Vindman downplays missing Burisma reference in Trump call summary: ‘Not a significant omission’
Alexander Vindman: Trump-Ukraine call was 'inappropriate' with significant national security implications
Lt. Col. Alexander Vindman, a National Security Council aide, delivers an opening statement to the House Intelligence Committee public impeachment hearing.
Lt. Col. Alexander Vindman testified in Tuesday's impeachment hearing that the omission of the word “Burisma” -- the Ukrainian natural gas firm that hired Hunter Biden to serve in a lucrative role on the board -- in the transcript of President Trump’s July 25 phone call with Ukrainian President Volodymyr Zelensky was not “significant,” despite some prior controversy over the missing references.
Vindman, a director at the National Security Council, testified alongside Jennifer Williams, an aide to Vice President Pence, as part of the House’s public phase of impeachment hearings.
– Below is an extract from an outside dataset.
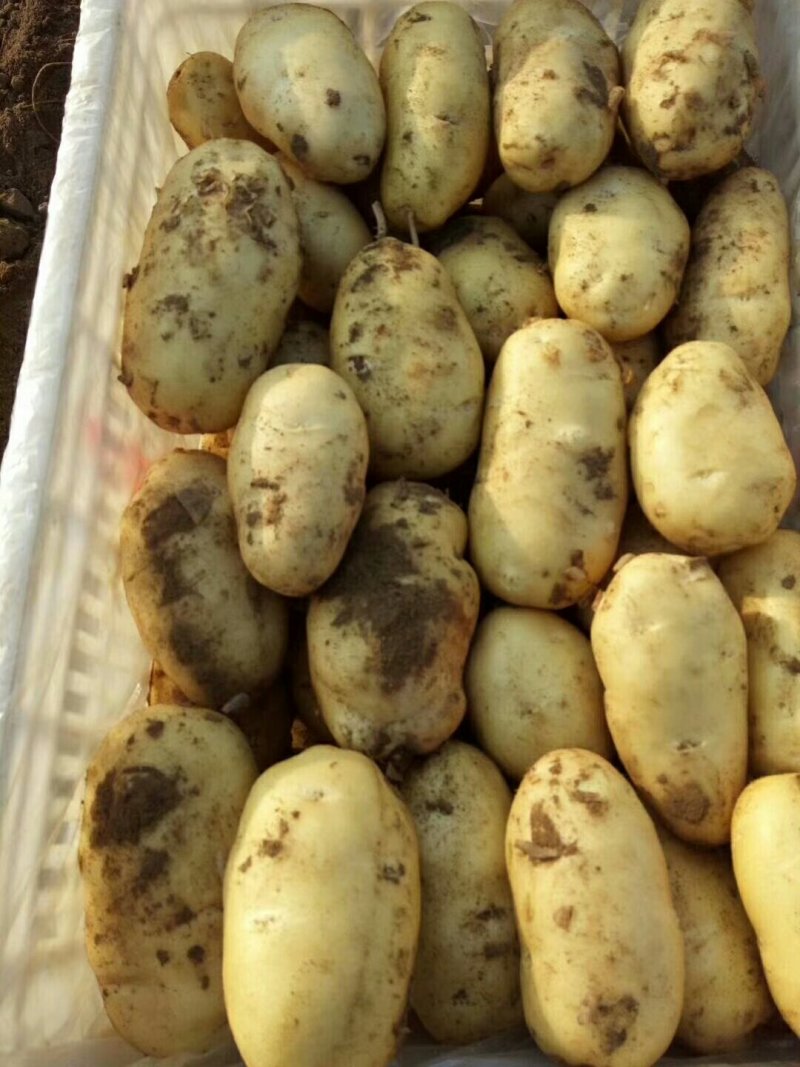 滕州秋土豆，颜色好。形状好，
Both officials listened to Trump and Zelensky’s now-infamous phone call over the summer.
House Intelligence Committee Chairman Adam Schiff, D-Calif., asked both officials whether the name of the Ukrainian natural gas firm—Burisma Holdings—was mentioned on the call when Trump pressed Zelensky for an investigation into the Bidens and 2016 election meddling. Both confirmed that they heard the name Burisma on the call, but that it was missing from the transcript of the conversation that the White House released to the public in September.
Williams said she was “not involved in the production of the transcript,” so was unaware why the word Burisma was not included.
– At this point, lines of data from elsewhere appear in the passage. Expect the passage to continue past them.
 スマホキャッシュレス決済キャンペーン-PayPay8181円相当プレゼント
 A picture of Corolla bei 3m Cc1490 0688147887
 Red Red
But Vindman attributed the omission, simply, “to the fact that this transcript being produced may have not caught the word Burisma.”
“It was in the transcript that was released as ‘the company,’ which is accurate,” Vindman said. “It’s not a significant omission.”
Vindman added that it was “informed speculation that the folks that produce these transcripts do the best they can, and they just didn’t catch the word.
“It was my responsibility to, then, make sure the transcript was as accurate as possible, and that’s what I attempted to do, by putting the word back in because it was in my notes,” he explained.
The testimony comes after his prior closed-door comments on the same issue made headlines weeks ago, with multiple articles flagging the omission of "Burisma" -- seemingly stirring Democrats' suspicion.
Schiff went on to question Vindman on his testimony behind closed doors, asking why he believed that Zelensky was “prepped” for the July 25 phone call—specifically on the topic of the Bidens and Burisma.
“It seemed unlikely that he would be familiar with a single company in the context of a call that was on the broader bilateral relationship,” Vindman said. “And it seemed to me he was either tracking this issue because it was in the press, or that he was otherwise prepared.”
When asked later about the omission of “Burisma” in the transcript, and ignoring some edits proposed by Vindman to the transcript before its release to the public, he said: “I didn’t see that as nefarious.”
At the center of the impeachment inquiry, which began in September, is Trump’s July phone call to Kiev. Trump pressed Zelensky, on the call, to open an investigation into the Bidens, specifically Hunter Biden's role on the board of Burisma, and former Vice President Joe Biden's role in pressuring former Ukrainian President Petro Poroshenko to fire the prosecutor, Viktor Shokin, who was investigating the founder of the firm, Mykola Zlochevsky, the former minister of ecology and natural resources to Ukraine.
That call prompted a whistleblower complaint to the intelligence community inspector general, and in turn, the impeachment inquiry in the House.
The president’s request came after millions in U.S. military aid to Ukraine had been frozen, which Democrats and witnesses have claimed shows a “quid pro quo” arrangement. Trump denies that.